CO2 intrusion in subsurface soil can affect the pH and may cause the migration and transfer of constituents of concern (e.g., soil nutrients or contaminants), leading to degradation of the surrounding environment (e.g., potable aquifers and near-surface soil). It is important to identify the geochemical processes related to CO2 in subsurface soil, based on geochemical research approaches at both field and laboratory scales. The present study reviewed several important advantages and disadvantages of these approaches as well as geochemical changes induced by CO2 intrusion in near-surface environments. The results are summarized in the following points.

  1. 1.

    When assessing the efficiency of CCS to mitigate climate change, evaluation of the possibility of any gas leakage from storage sites is crucial. Potential pathways of CO2 leakage are attributed mainly to the cap rock properties, fracture networks, and faults in addition to wells or abandoned wells. Subsequently, CO2 leakage would induce changes in pH and Eh and trigger a chain of geochemical reactions in near-surface soil.

  2. 2.

    For any risk assessment program associated with CCS, important issues include the reliability of single stations as well as comprehensiveness of the measured parameters.

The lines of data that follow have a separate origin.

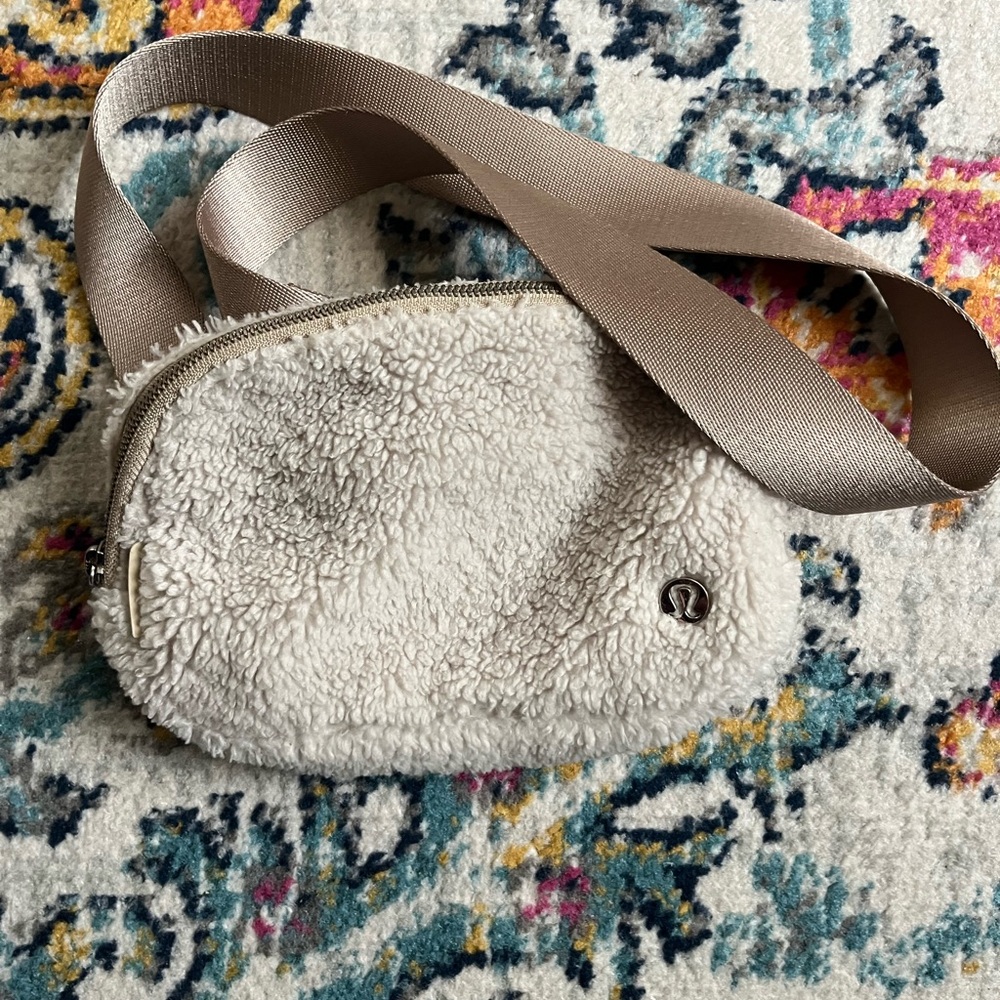 lululemon athletica Sherpa Crossbody Bag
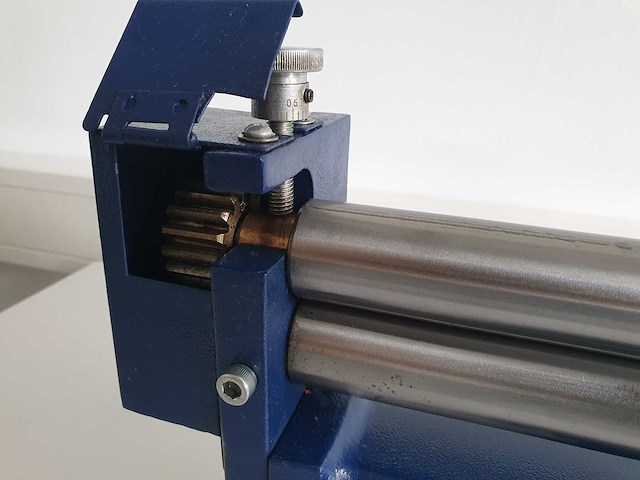 Rogi - 2025 - hr300 - 3-rollenwals - afbeelding 2 van  3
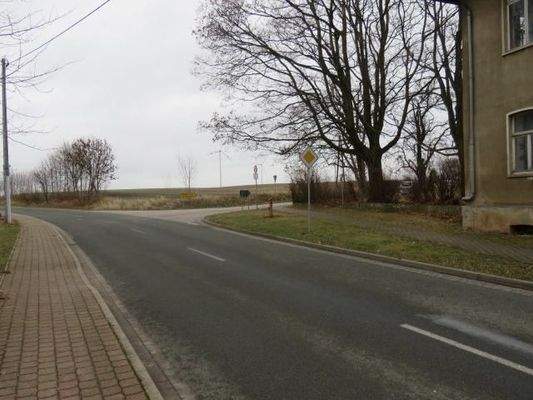 Blickrichtung Ortsausgang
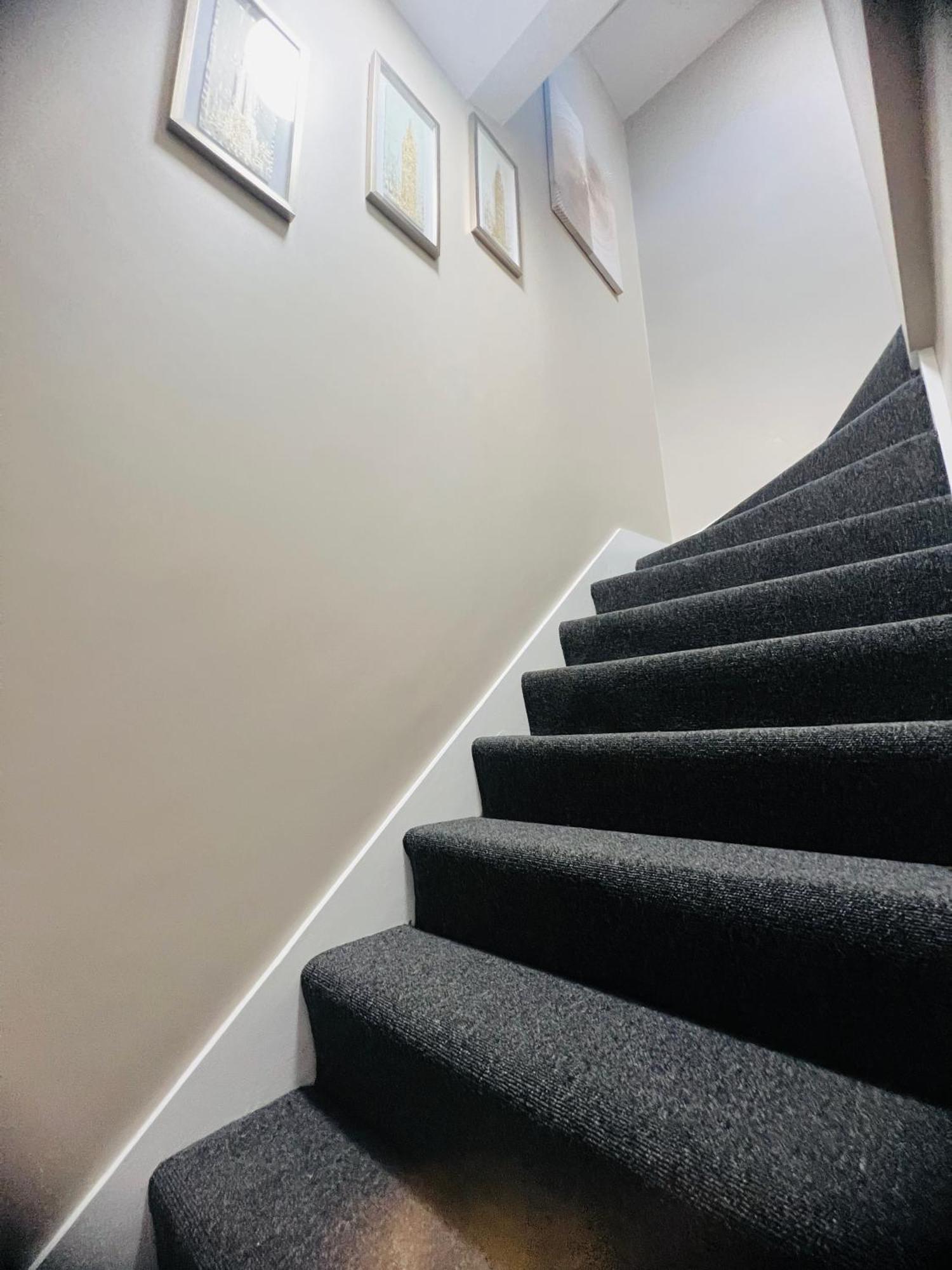 Paragraph Palmers Green Exterior foto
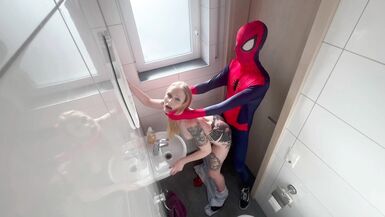 AO carnival slut! Creampie quickie with a thrill - 13 image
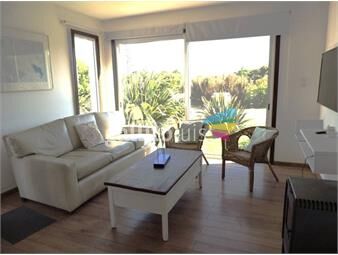 https://www.gallito.com.uy/casa-en-venta-de-3-dormitorios-c-cochera-en-playa-mansa-inmuebles-26494058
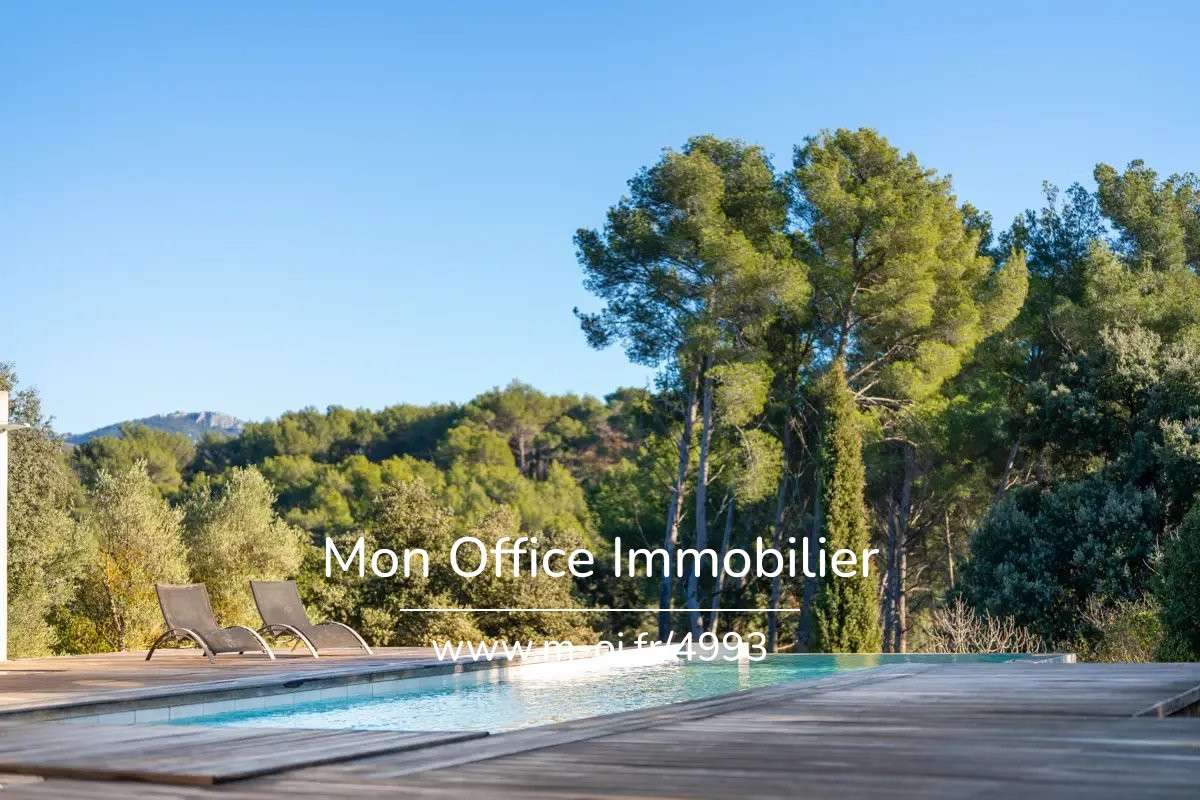 House Le Beausset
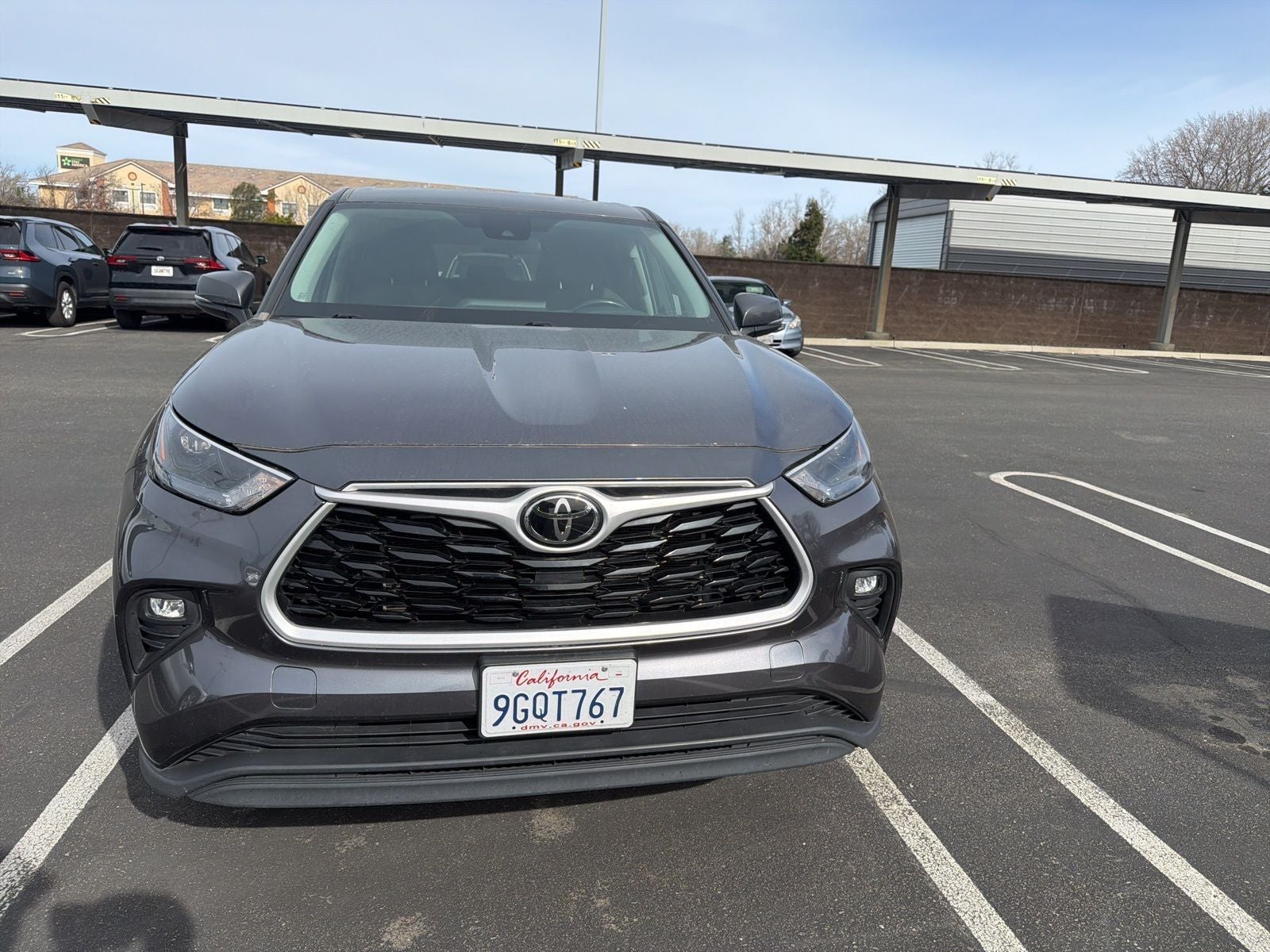 2023 Toyota Highlander LE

For the proper site selection and management in CCS studies, factors such as geological settings, aquifer features, soil and mineral compositions, and salinity should be considered.

  3. 3.

    Among the geochemical research approaches, laboratory studies are cost-effective and relatively easy to test to effectively identify the CO2-induced geochemical reactions. Generally, experimental results can be applied as parameters in the geochemical modeling programs, which can mutually aid in properly designing experiments and analyzing the experimental results. Additionally, isotopic tracers can highlight the different processes occurring in natural or laboratory systems during CO2 intrusion, and laboratory results can elucidate the characteristics of isotopic compositions in different geochemical processes. Therefore, a combination of these tools can be used as a reliable indicator for risk management associated with CCS.

  4. 4.

    Despite the numerous previous investigations, knowledge gaps still exist in this research area. Particularly, there is neither a clear definition of “acceptable” CO2 concentrations or thresholds in typical ecosystems found in the near-surface areas surrounding storage reservoirs, nor have the criteria for suitable CO2 concentrations for specific ecosystems been identified. For example, the emission scenarios including the worst and the most likely cases should be clearly defined and the effects of CO2 on plant response varying with taxa and CO2 level should be monitored. In addition, there is currently a lack of integration between the performance assessment of CO2 sequestration through CCS and the assessment of the potential impacts of CO2 leakage on terrestrial ecosystems. Thus, the CCS technology selected depending on site characterization (i.e., the integrity of the host and cap rocks), assessment of geochemical interactions induced by CO2 leakage, and research approaches must be well controlled to be able to certify that the site can harmlessly and securely store CO2. Therefore, identifying the knowledge gaps and improving risk assessment associated with CO2 leakage can aid scientists in making better decisions for CCS projects.